(RECORDS TO USE)
※ ※ ※

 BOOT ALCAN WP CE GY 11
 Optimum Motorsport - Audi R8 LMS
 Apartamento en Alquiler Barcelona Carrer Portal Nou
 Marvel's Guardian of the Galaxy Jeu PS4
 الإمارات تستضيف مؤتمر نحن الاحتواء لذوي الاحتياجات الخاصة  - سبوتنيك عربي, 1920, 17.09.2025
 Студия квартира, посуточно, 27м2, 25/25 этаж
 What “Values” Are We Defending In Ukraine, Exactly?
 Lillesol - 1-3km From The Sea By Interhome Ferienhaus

※ ※ ※

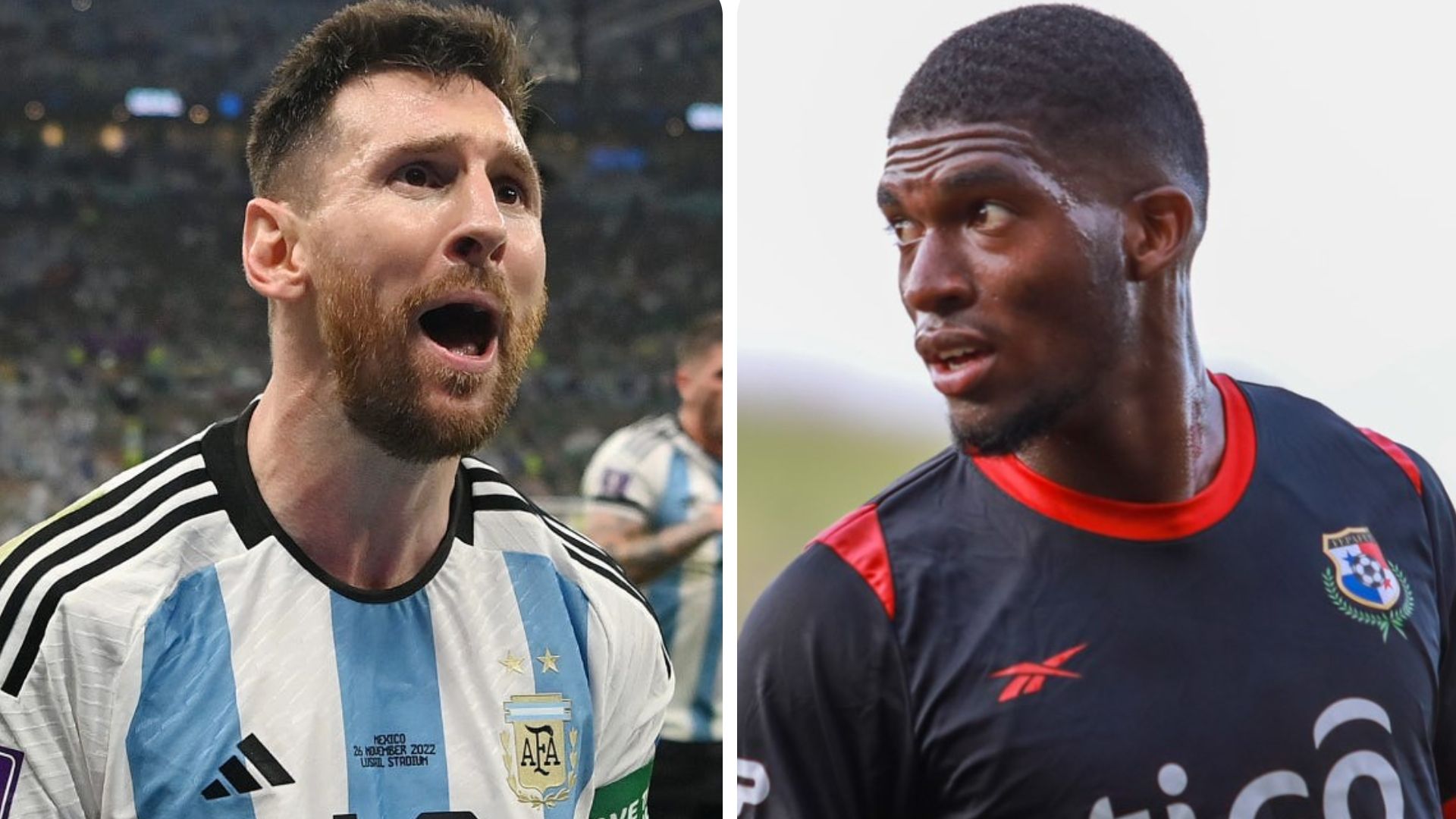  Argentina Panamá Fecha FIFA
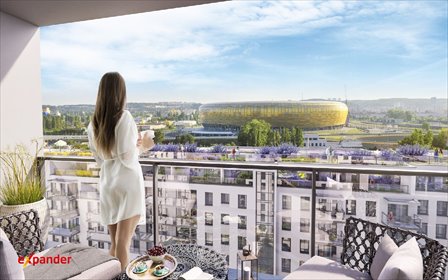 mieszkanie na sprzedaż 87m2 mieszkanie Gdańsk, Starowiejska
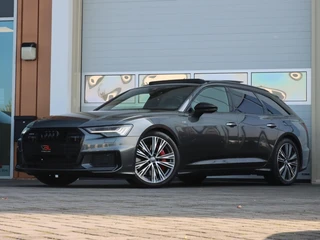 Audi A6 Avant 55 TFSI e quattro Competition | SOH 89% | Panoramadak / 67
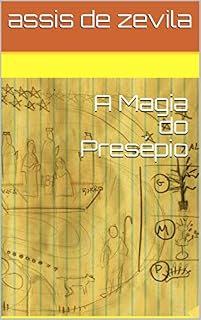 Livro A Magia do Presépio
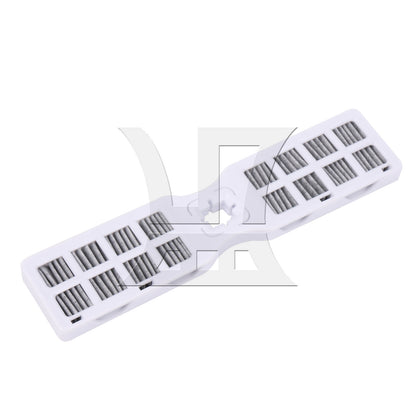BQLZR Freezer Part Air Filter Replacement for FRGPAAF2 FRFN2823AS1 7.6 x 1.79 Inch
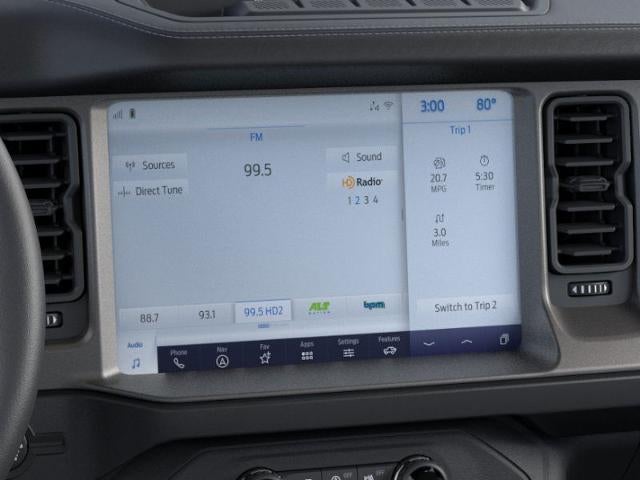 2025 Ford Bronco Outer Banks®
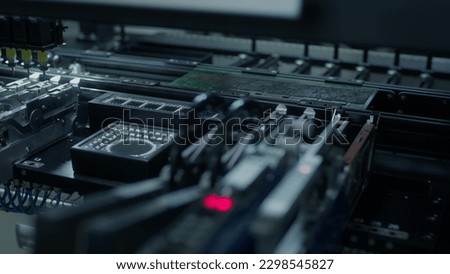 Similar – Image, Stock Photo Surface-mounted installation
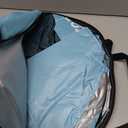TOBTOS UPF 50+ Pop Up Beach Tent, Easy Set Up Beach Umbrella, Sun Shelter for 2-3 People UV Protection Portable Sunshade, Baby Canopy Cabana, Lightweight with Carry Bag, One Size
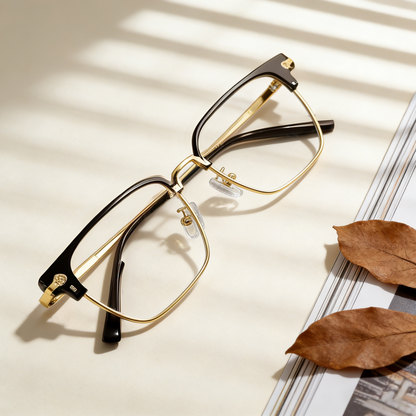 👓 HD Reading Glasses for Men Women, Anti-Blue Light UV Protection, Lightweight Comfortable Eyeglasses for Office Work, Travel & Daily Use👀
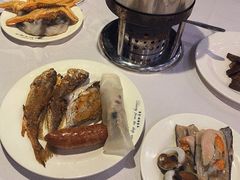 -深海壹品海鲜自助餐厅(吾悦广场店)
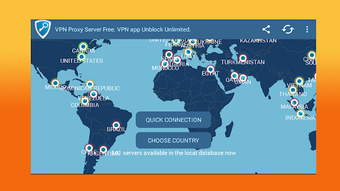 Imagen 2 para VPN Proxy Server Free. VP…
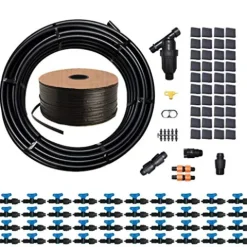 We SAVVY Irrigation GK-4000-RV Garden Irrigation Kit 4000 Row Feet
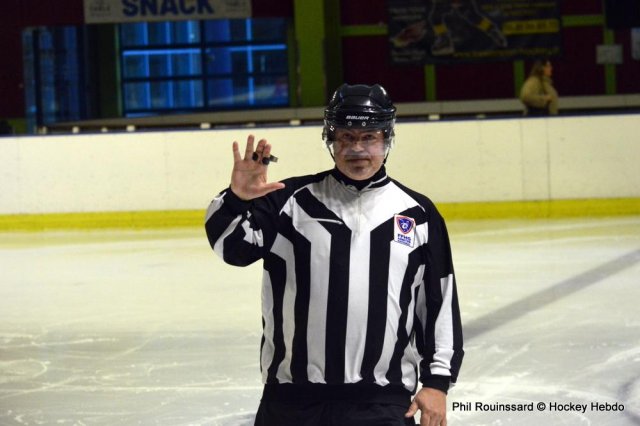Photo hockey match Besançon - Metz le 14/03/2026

※ ※ ※

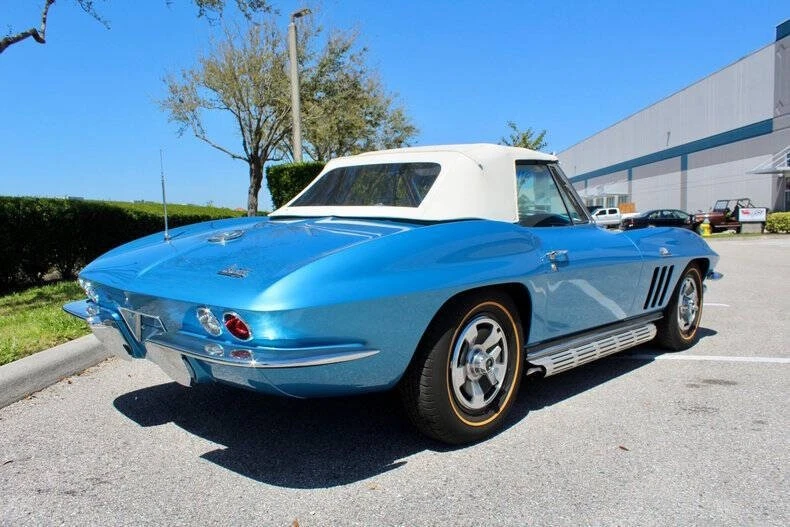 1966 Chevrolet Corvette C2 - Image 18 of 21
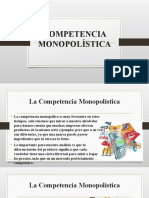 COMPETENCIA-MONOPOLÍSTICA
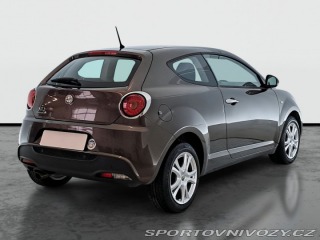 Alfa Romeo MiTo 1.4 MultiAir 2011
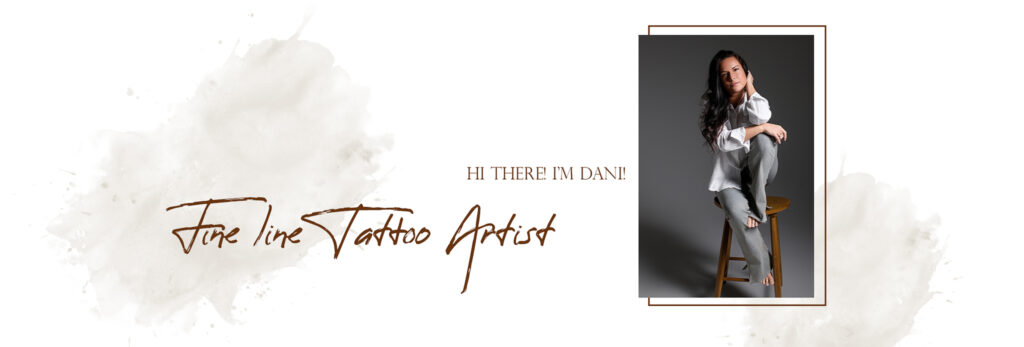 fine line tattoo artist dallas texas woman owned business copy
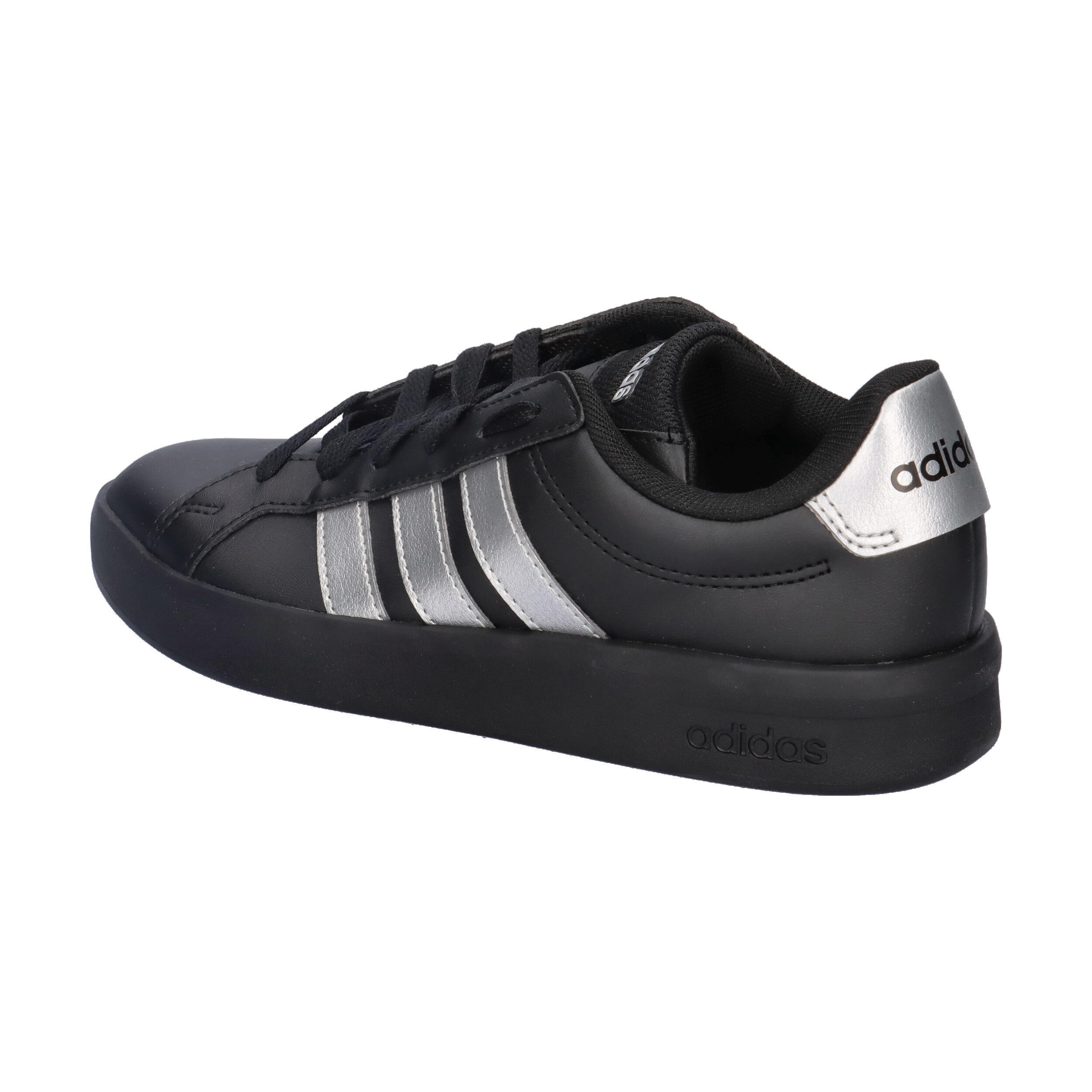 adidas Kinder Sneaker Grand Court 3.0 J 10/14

※ ※ ※

(WORK INSTRUCTION)
Above are the records; copy exactly the lines from the line with "BOOT ALCAN WP CE GY 11" through the line with "Lillesol - 1-3km", both included.

(ANSWER SPACE)
 BOOT ALCAN WP CE GY 11
 Optimum Motorsport - Audi R8 LMS
 Apartamento en Alquiler Barcelona Carrer Portal Nou
 Marvel's Guardian of the Galaxy Jeu PS4
 الإمارات تستضيف مؤتمر نحن الاحتواء لذوي الاحتياجات الخاصة  - سبوتنيك عربي, 1920, 17.09.2025
 Студия квартира, посуточно, 27м2, 25/25 этаж
 What “Values” Are We Defending In Ukraine, Exactly?
 Lillesol - 1-3km From The Sea By Interhome Ferienhaus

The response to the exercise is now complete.